Dask is incredibly complex. It literally aims to run any distributed computation for any data structure on any architecture. “Distributed System” in computer science is already a synonym for “irreducibly really f’ing hard”, and dask’s design aims even higher by trying to solve multiple distributed workloads in one system (e.g. dataframes, arrays, embarassingly-parallel maps).

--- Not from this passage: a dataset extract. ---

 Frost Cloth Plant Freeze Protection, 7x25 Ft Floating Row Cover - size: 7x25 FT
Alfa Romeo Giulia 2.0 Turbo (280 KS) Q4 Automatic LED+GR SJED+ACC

“Dask” also means multiple things. Going top-down:
dask.array
interface that xarray interacts with,
- all the other interfaces that the Pangeo crowd don’t normally use, e.g.
dataframe
, bag
, delayed
,
dask-expr
query optimization layer / HLGs,
- The actual low-level DAG representation,
- Environment management via cloudpickling dependencies,
dask.distributed
scheduler (remember this repo alone is as big as xarray),
- OSS deployment tooling, e.g.
dask-gateway
(RIP?), dask-jobqueue
- Coiled.
This complexity is also a lot of what’s hard about deployments too. One of the hard parts of managing JupyterHubs is managing dask on kubernetes.
Matt is arguing that selling people managed dask clusters on demand can deal with this complexity for them. I don’t disagree! I think that is a good and valid option to be available, and has precedent in that in tabular world you can pay many companies to help you manage your Spark/Hadoop clusters. That will work for many people.

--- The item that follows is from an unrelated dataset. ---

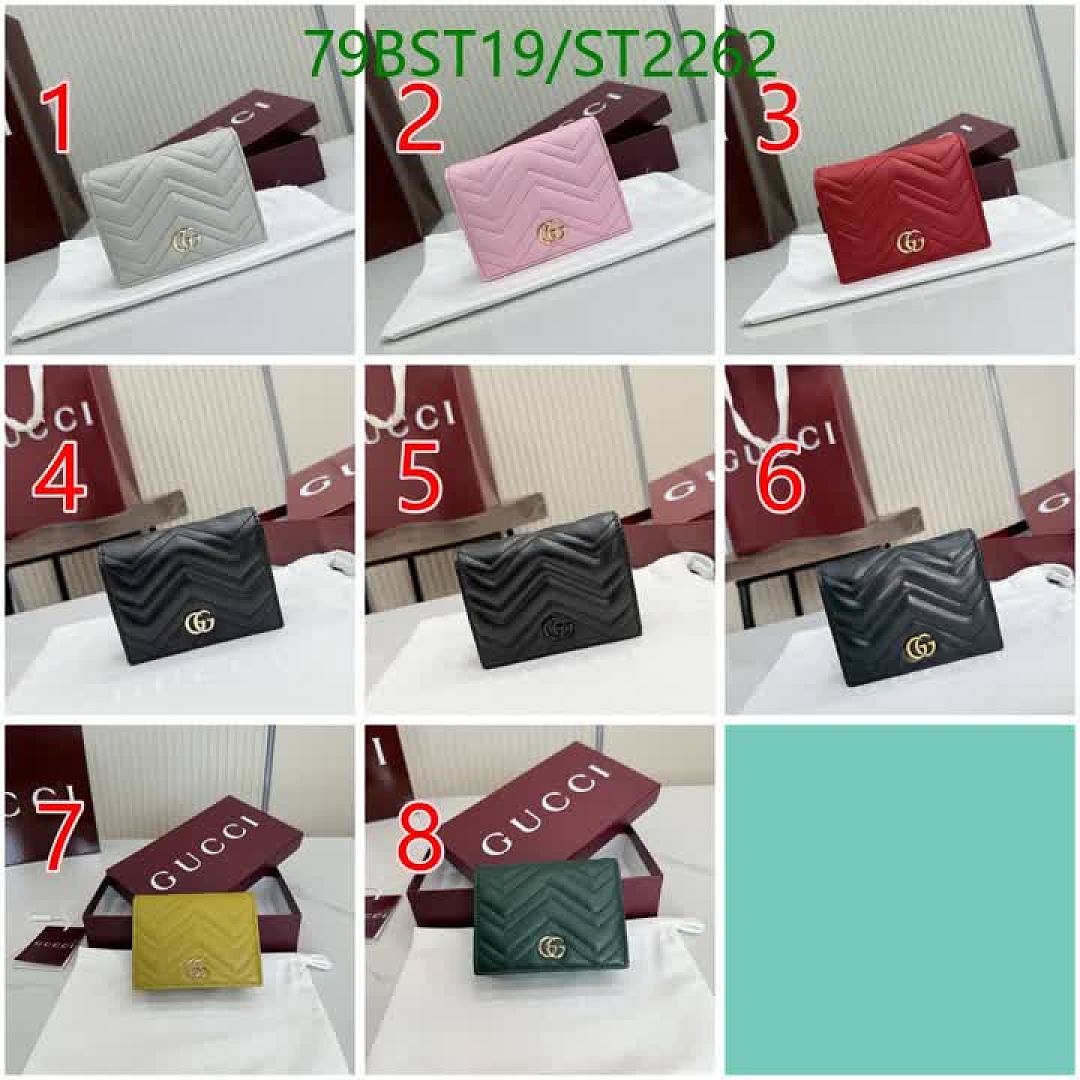 Gucci-Wallet Mirror Quality Code: ST2262 $: 79USD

But if we’re talking about “Pangeo 2.0”, I am unconvinced that there isn’t some other architecture for this layer that has less incidental complexity.
-
Stephan seems to think that the original sin was (1), and the solution is to force the user to be more explicit about how their computation gets parallelized - which his project Xarray-Beam does.
-
Cubed brings a lot of new ideas. It specifically does not ship a distributed system or a deployment - however you run it it always delegates that part to another system (be it S3/Lambda, Modal, Apache-Beam, or even back to dask.delayed
/ Coiled Functions). It also was designed to address many of the same issues raised in Matt’s post:
- no kubernetes - running Cubed on Lithops on Lambda/S3 is another example of a “Raw-Cloud Architecture”,
- configuration (i.e. “what is a cloud auto-scaler”) - serverless deployment is truly and transparently elastic,
- running out of memory - Cubed explicitly tracks per-task memory usage.
-
Dask’s design could improve. I’ve been following all the great work on dask expressions, algorithm improvements, P2P rechunking etc. This could (and already has) made a big difference to user experience. But what I find ironic is that the ideal design for dask.Array
(the part I care about) looks a lot like Cubed (Cubed vs dask.array: Convergent evolution? · Issue #570 · cubed-dev/cubed · GitHub).

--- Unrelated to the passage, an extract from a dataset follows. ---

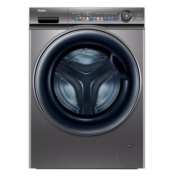海尔（Haier）精华洗系列10KG滚筒洗烘一体 变频 超薄机身 玉墨银 EG100HPLUSSL6U1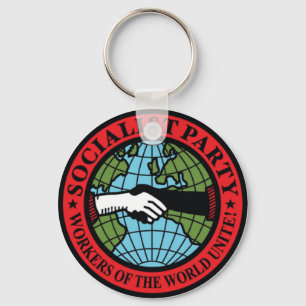 SOCIALIST PARTY USA KEYCHAIN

I don’t know what the best solution is (these alternatives have their own issues, and I am far from a distributed systems expert), but I made the Pangeo Distributed Arrays Working Group to find out if there are other possibilities beyond “just pay the dask experts to run dask”.
Generally I agree with @cboettig that serverless is a rich vein, and also with @maxrjones that there are and should be multiple options.
If we cut out those open channels, it would be natural for the open source ecosystem to fall behind and no longer provide the solutions that people need.
This is also an extremely important point.